*DATA EXTRACT*
--- START ---
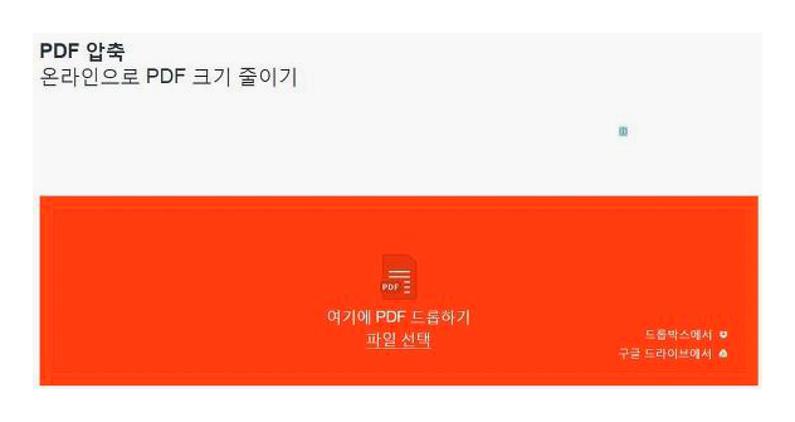 pdf 용량 줄이기 사이트
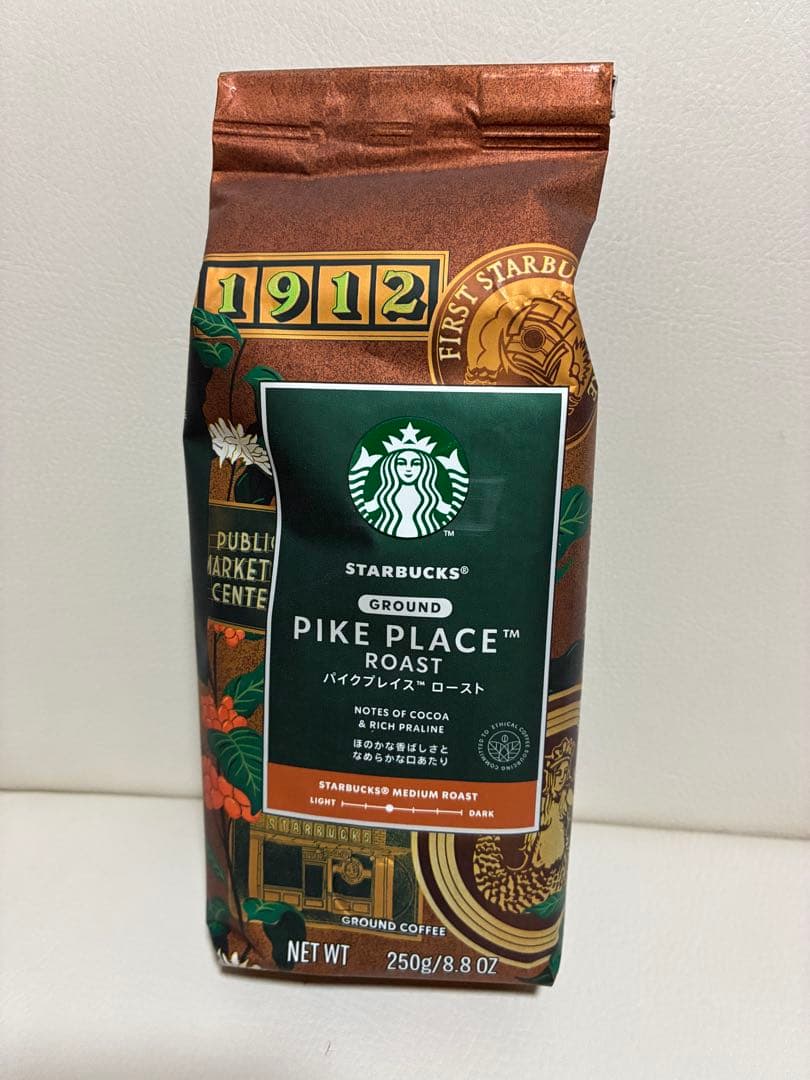 【抜き取りなし】お値下げ中/スターバックス 2026年/福袋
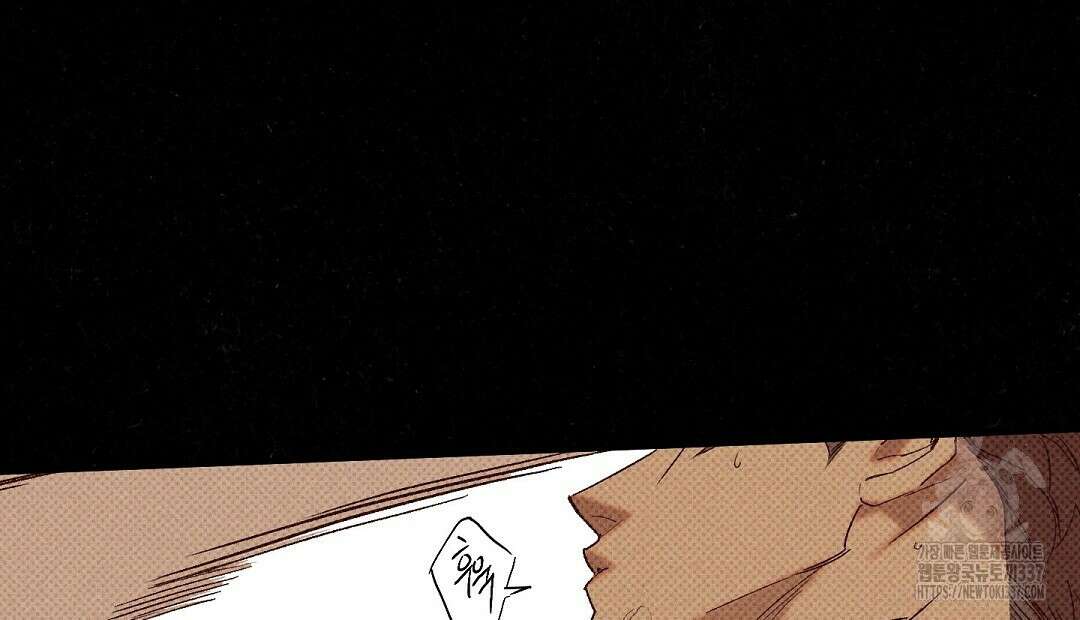 Wet Sand(웻샌드) 54화 12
--- END ---
*WHAT IS BEING ASKED*
If the data includes images, omit them, and set down everything else exactly as above.

*TASK RESULT*
 pdf 용량 줄이기 사이트
 【抜き取りなし】お値下げ中/スターバックス 2026年/福袋
 Wet Sand(웻샌드) 54화 12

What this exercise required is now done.